Energy dissipation in thin metallic shells under projectile impact

• Behaviour of spherical shells against blunt and ogive nosed projectile impact.
• Energy absorption characteristics in different deformation modes.
• Failure mechanism through perforation and maximum crown deformation.
• Strain energy computation in radial, polar, elevation and shear direction.

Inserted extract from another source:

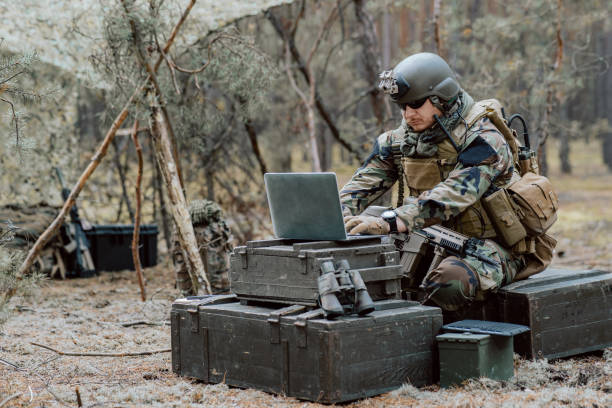 istock Bearded soldier in uniform sit on military transport crates, analyze data on a laptop and work out tactics at a temporary forest base. In the background, you can see a soldier protecting the base 1308398909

The ballistic performance of hemispherical aluminium shells was studied and the energy absorption in different modes of deformation has been computed. The experiments were performed wherein blunt and ogive nosed steel projectiles of 19 mm diameter were fired on 0.7–1.5 mm thick 1100-H12 aluminum hemispherical shells of different effective spans. The mechanics of deformation and energy absorption capacity was found to be significantly influenced by the shell thickness and projectile nose shape. The ogive nosed projectile caused failure through perforation by petal formation. Against blunt nosed projectile, however, the shells underwent significant dishing and reverse bending and thus defeated the projectile by dissipating its energy in global plastic deformation. The experimental findings were reproduced numerically on ABAQUS/Explicit finite element code. The numerical results were further employed for the computation of plastic strain energy in stretching in polar, radial, elevation and shear directions of the shell in order to eventually extract the total energy absorbed in plastic deformation. For a given span diameter and thickness of shell, the energy dissipation was found maximum in shear stretching while it was minimum in polar stretching of the material.